Toolkit/ultrafast mid-infrared spectroscopy
ultrafast mid-infrared spectroscopy
Also known as: mid-infrared spectroscopy
Taxonomy: Technique Branch / Method. Workflows sit above the mechanism and technique branches rather than replacing them.
Summary
Ultrafast mid-infrared spectroscopy is an assay method used to study primary light-driven reactions in the LOV2 domain of phototropin. In the cited 2009 Biophysical Journal study, it was applied together with quantum chemistry to investigate early photochemical events.
Usefulness & Problems
Why this is useful
This method is useful for probing primary light-induced reactions in a photoreceptor domain at early time scales. The supplied evidence specifically supports its use for mechanistic study of the LOV2 domain of phototropin in combination with quantum chemistry.
Problem solved
It addresses the problem of characterizing the primary photochemical reactions that occur after light activation of the LOV2 domain of phototropin.

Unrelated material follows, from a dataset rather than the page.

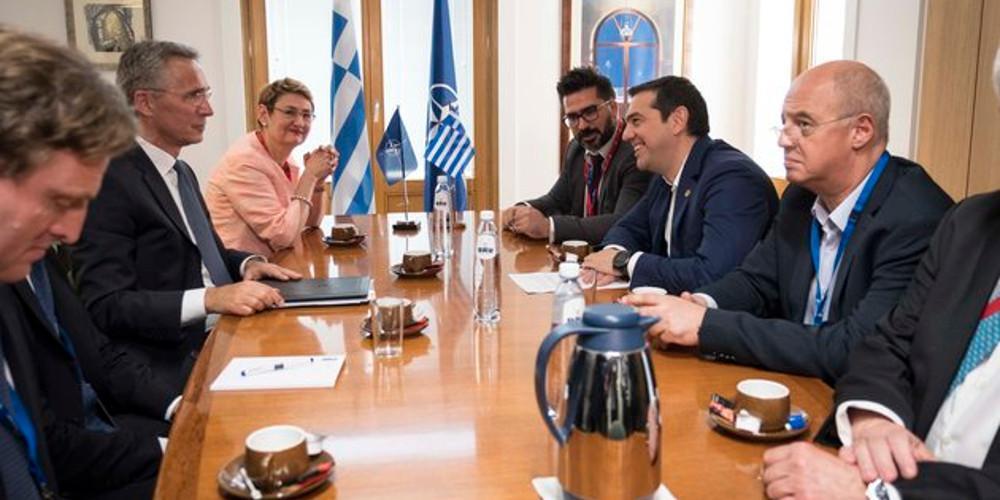 Παρέμβαση του ΝΑΤΟ στο θέμα των δύο Ελλήνων στρατιωτικών ζήτησε ο Τσίπρας από τον Στόλτενμπεργκ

The evidence does not provide broader benchmarking or comparisons to other assay modalities.
Problem links
This is directly a spectroscopy method and, in principle, richer spectroscopic measurements can preserve more structural information. But the supplied evidence is narrowly about light-driven reactions in a LOV2 protein domain, not general molecular structure identification or inverse reconstruction.
Taxonomy & Function
Primary hierarchy
Technique Branch
Method: A concrete measurement method used to characterize an engineered system.
Techniques
Functional AssayTarget processes
No target processes tagged yet.
Input: Light
Implementation Constraints
The supplied evidence indicates application to the LOV2 domain of phototropin under light stimulation and in conjunction with quantum chemistry. It does not specify instrument configuration, pulse parameters, sample preparation, cofactors, or construct design details.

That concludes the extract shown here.